Se acercó otro lanudo, casi gateando por el suelo fangoso del refugio. Era Baltazar, un serrano de Gerês que solía estar gordo; ahora, con la piel arrugada y el pelo prematuramente canoso en las sienes, mostraba un aspecto envejecido y ya lo llamaban «el Viejo». Sintiendo una especie de comunión del miedo, que lo llevaba a buscar a los hombres que con él sufrían, decidió animar el diálogo, sazonándolo con detalles sobre las
demoiselles
, una manera eficaz de abstraer la mente del bombardeo.

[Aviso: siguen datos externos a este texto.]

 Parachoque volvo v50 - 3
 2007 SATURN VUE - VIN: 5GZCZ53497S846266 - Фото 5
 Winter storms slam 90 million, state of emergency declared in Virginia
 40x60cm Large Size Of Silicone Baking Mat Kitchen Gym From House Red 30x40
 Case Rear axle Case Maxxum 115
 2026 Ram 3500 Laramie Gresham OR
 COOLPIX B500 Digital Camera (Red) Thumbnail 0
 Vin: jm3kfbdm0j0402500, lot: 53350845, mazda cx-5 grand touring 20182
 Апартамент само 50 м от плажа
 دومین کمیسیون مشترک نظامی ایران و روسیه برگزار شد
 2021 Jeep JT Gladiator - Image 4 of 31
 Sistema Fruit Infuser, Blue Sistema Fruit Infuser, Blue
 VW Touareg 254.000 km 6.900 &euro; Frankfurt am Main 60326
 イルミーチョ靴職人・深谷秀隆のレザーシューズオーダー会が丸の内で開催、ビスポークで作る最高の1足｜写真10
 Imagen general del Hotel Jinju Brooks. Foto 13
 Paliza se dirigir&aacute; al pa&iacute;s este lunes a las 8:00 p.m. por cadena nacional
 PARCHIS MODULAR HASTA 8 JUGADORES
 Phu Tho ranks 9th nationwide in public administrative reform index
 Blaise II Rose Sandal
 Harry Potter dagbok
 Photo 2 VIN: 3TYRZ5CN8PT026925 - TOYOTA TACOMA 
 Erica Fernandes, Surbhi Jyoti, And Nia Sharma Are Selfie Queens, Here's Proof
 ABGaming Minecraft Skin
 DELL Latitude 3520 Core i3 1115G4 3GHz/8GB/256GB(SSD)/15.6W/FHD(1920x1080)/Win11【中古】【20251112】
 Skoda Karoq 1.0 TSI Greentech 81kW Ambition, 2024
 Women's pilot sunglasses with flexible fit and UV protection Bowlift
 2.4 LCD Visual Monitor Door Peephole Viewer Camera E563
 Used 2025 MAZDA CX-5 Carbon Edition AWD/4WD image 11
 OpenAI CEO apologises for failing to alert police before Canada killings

—El otro día, en Saint Venant, vi incluso a una mujer saliendo del cuartel general —dijo Baltazar—. ¡Qué categoría!
Se callaron, imaginándola. Cualquier noticia sobre la aparición de mujeres causaba siempre sensación.
—¿Estaba buena? —preguntó Matias, sabiendo que el Viejo no perdía ocasión de usar la palabra «categoría», su expresión favorita desde que la oyera de boca de un oficial.
—Sabes que no soy delicado —dijo Baltazar,
el Viejo
, encogiéndose de hombros—. En mi aldea, en Pitões das Júnias, me he tirado a hembras mucho peores, con bigote y todo, ¿qué os pensáis?
—Pero ¿cómo era ella?
—Francesa o flamenca, algo pelirroja, grande y llena de carnes —describió con los ojos brillantes.
—¿Un tanque? —preguntó Matias.
—Un tanque —confirmó el serrano—. Pero se movía con una categoría…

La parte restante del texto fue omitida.